* _Recorded information_:
•••

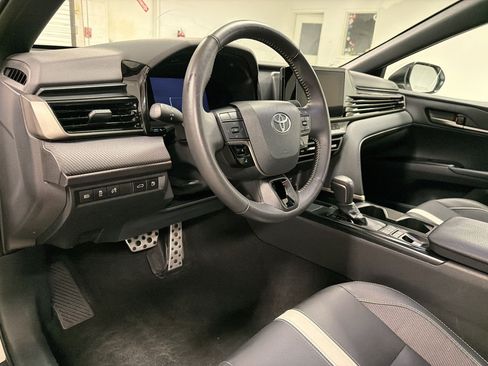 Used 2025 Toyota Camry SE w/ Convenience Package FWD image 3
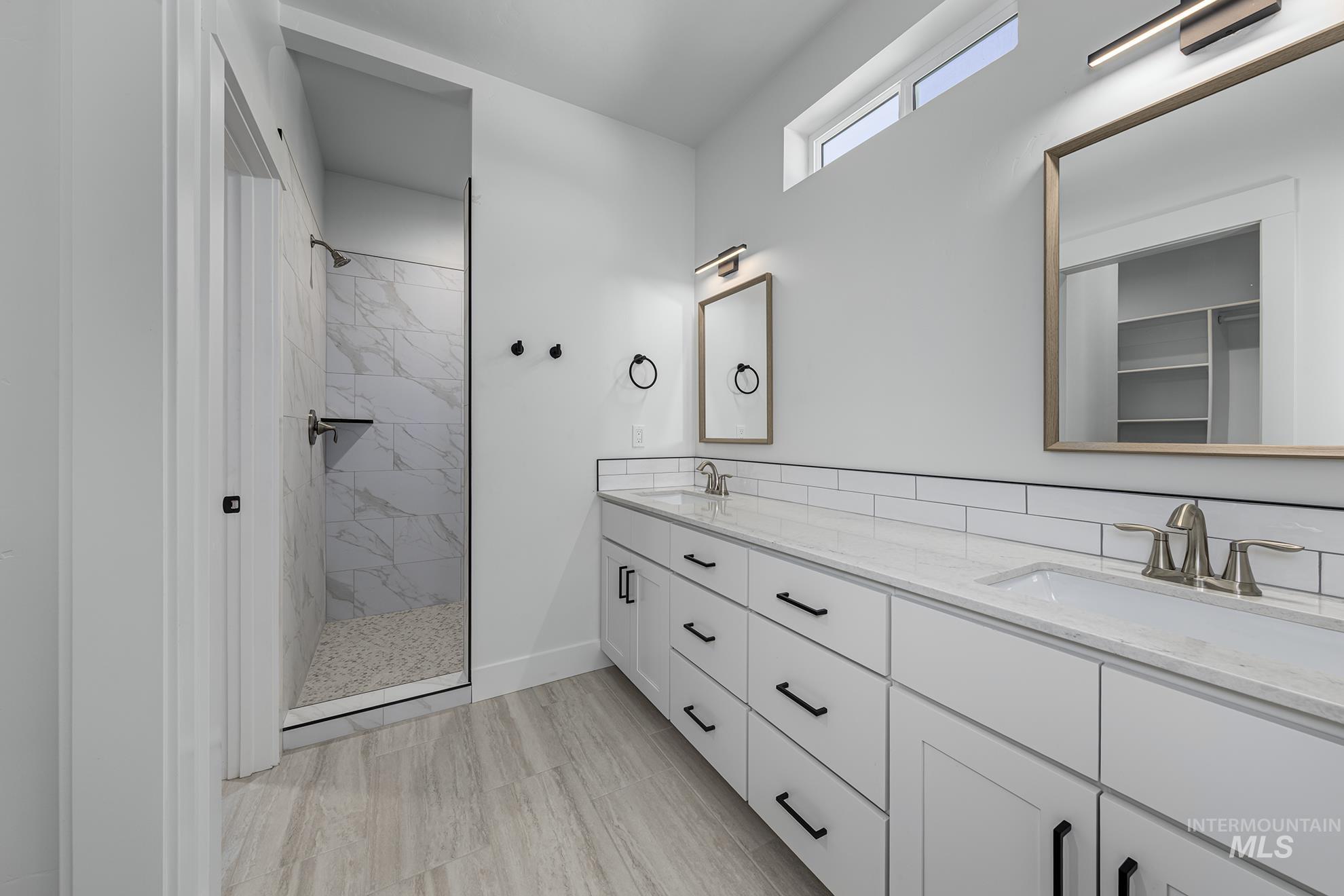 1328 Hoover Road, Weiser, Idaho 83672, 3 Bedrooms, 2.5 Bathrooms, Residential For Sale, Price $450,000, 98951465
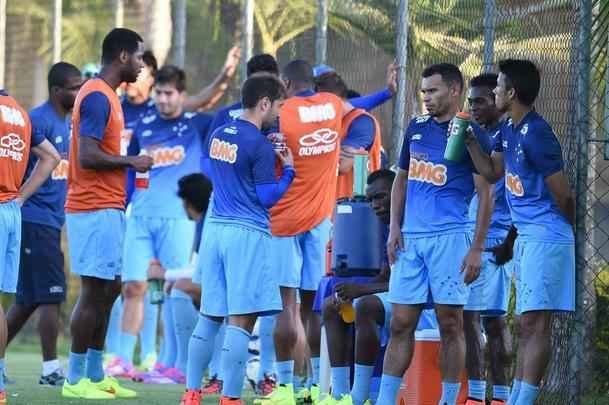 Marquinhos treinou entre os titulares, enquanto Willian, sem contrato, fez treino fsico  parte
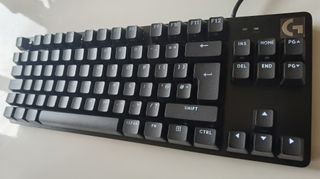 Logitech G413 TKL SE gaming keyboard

•••

* _Prompt_:
What you return must match the material above exactly, apart from its pictures.

* _Expected answer_:
 Used 2025 Toyota Camry SE w/ Convenience Package FWD image 3
 1328 Hoover Road, Weiser, Idaho 83672, 3 Bedrooms, 2.5 Bathrooms, Residential For Sale, Price $450,000, 98951465
 Marquinhos treinou entre os titulares, enquanto Willian, sem contrato, fez treino fsico  parte
 Logitech G413 TKL SE gaming keyboard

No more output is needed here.